I’m rather curious what I said that made you think I was advocating creating a first prototype value learner and just setting it free, without any other alignment measures?
As an alignment strategy, value learning has the unusual property that it works pretty badly until your AGI starts to become superhuman, and only then does it start to work better than the alternatives. So you presumably need to combine it with something else to bridge the gap around human capacity, where an AGI is powerful enough to do harm but not yet capable/rational enough to do a good job at value learning.

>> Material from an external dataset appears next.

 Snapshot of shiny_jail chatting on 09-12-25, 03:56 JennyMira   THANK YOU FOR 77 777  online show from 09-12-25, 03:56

I would suggest building your first Bayesian reasoner inside a rather strong cryptographic box, applying other alignment measures to it, and giving it much simpler first problems than value learning. Once you are sure it’s good at Bayesianism, doesn’t suffer from any obvious flaws such as ever assigning a prior of zero or one to anything, and can actually demonstrably do a wide variety of STEM projects, then I’d let it try some value learning — still inside a strong box. Iterate until you’re convinced it’s working well, then have other people double-check.

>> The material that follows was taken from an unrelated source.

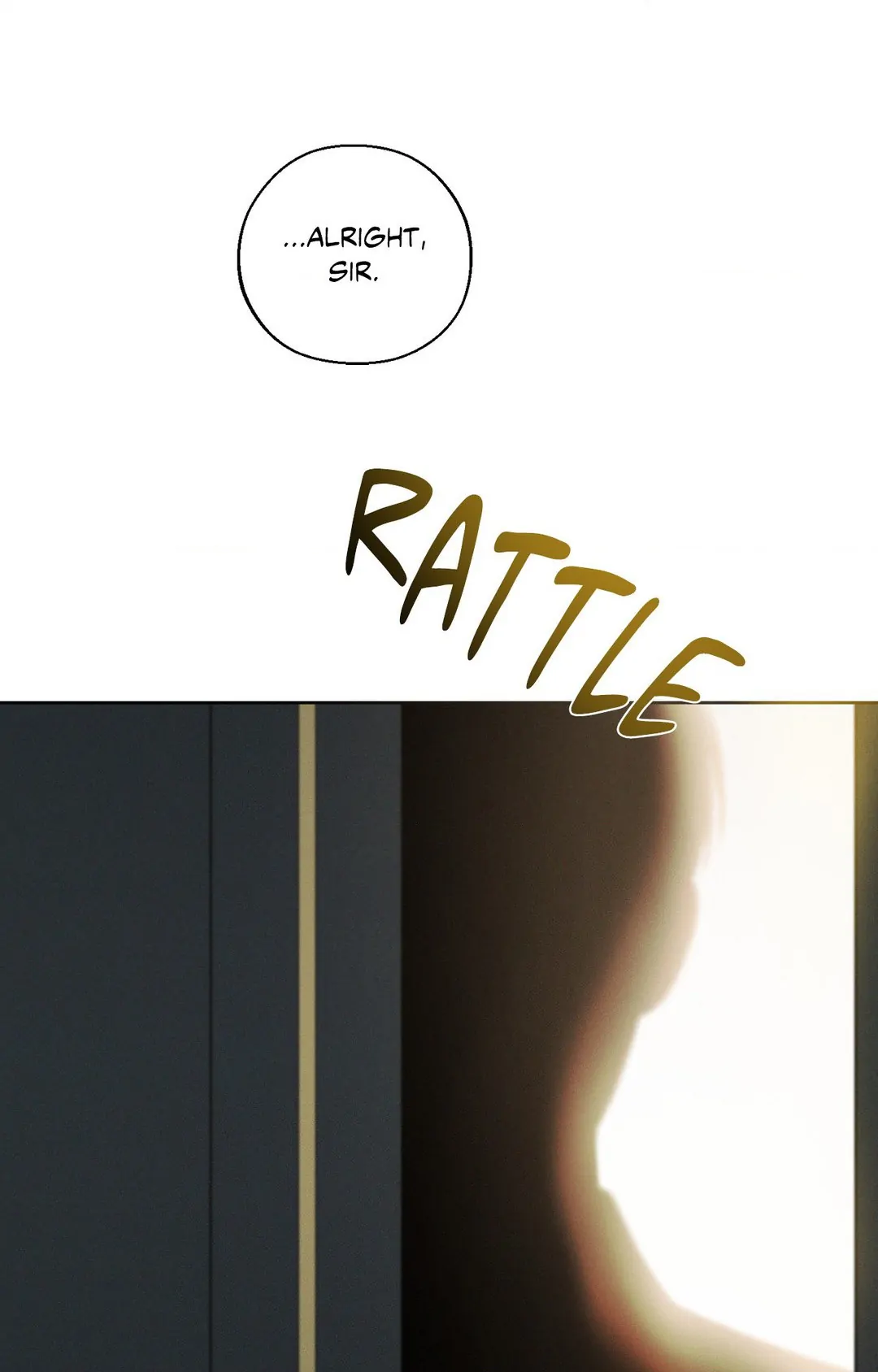 December 〘Official〙 - Chapter 31 Page 78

However, at some point, once it is ready you are eventually going to need to let it out of the box. At that point, letting out anything other than a Bayesian value learner is, IMO, likely to be a fatal mistake. Because it won’t, at that point, have finished learning human values (if that’s even possible). A partially-aligned value learner should have a basin of attraction to alignment. I don’t know of anything else with that desirable property. For that to happen, we need it to be rational, Bayesian, and ‘corrigable’, in my sense of the word, that if you think it’s wrong, you can hold a rational discussion with it and expect it to Bayesian update if you show it evidence. However, this is an opinion of mine, not a mathematical proof.